Material for this task >>

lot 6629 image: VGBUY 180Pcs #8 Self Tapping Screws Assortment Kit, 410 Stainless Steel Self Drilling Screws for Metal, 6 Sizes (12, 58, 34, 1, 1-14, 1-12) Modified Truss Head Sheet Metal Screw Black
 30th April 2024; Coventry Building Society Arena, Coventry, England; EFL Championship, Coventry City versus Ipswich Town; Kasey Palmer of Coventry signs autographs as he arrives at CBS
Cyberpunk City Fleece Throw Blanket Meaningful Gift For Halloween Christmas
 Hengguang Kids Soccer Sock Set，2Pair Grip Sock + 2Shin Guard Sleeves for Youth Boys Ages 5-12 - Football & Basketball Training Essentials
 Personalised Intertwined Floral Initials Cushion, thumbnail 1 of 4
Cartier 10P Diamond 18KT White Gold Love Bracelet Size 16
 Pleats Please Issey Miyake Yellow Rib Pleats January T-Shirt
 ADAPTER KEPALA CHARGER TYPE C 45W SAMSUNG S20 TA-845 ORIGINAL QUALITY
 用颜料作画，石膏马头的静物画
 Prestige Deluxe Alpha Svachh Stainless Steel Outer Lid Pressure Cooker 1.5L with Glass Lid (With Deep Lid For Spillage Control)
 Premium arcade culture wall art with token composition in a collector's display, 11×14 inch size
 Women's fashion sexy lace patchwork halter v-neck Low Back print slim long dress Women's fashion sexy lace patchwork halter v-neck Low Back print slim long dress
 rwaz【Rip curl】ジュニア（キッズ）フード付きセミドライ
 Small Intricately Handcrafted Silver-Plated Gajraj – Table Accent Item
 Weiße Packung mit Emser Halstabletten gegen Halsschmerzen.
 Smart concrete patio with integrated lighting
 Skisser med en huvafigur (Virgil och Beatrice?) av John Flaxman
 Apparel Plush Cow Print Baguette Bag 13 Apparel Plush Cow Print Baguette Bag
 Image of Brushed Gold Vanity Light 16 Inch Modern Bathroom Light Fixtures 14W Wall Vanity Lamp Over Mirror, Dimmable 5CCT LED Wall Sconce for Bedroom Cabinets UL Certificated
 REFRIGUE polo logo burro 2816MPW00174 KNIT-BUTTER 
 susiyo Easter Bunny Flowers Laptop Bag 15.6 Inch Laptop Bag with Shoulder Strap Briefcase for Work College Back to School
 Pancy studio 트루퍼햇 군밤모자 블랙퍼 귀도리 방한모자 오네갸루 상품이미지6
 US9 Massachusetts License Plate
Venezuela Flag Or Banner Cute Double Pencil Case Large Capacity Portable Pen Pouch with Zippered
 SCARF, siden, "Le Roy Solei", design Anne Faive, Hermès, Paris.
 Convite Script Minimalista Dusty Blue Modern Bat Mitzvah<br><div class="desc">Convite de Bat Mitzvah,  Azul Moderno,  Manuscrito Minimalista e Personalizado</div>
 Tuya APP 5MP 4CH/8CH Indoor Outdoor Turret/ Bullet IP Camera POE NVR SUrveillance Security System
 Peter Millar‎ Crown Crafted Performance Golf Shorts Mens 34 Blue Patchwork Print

Directions >>
At the line containing "Image of Brushed", start transcribing exactly, and continue through the last line of the listing. Stop there and add nothing.

Task output >>
 Image of Brushed Gold Vanity Light 16 Inch Modern Bathroom Light Fixtures 14W Wall Vanity Lamp Over Mirror, Dimmable 5CCT LED Wall Sconce for Bedroom Cabinets UL Certificated
 REFRIGUE polo logo burro 2816MPW00174 KNIT-BUTTER 
 susiyo Easter Bunny Flowers Laptop Bag 15.6 Inch Laptop Bag with Shoulder Strap Briefcase for Work College Back to School
 Pancy studio 트루퍼햇 군밤모자 블랙퍼 귀도리 방한모자 오네갸루 상품이미지6
 US9 Massachusetts License Plate
Venezuela Flag Or Banner Cute Double Pencil Case Large Capacity Portable Pen Pouch with Zippered
 SCARF, siden, "Le Roy Solei", design Anne Faive, Hermès, Paris.
 Convite Script Minimalista Dusty Blue Modern Bat Mitzvah<br><div class="desc">Convite de Bat Mitzvah,  Azul Moderno,  Manuscrito Minimalista e Personalizado</div>
 Tuya APP 5MP 4CH/8CH Indoor Outdoor Turret/ Bullet IP Camera POE NVR SUrveillance Security System
 Peter Millar‎ Crown Crafted Performance Golf Shorts Mens 34 Blue Patchwork Print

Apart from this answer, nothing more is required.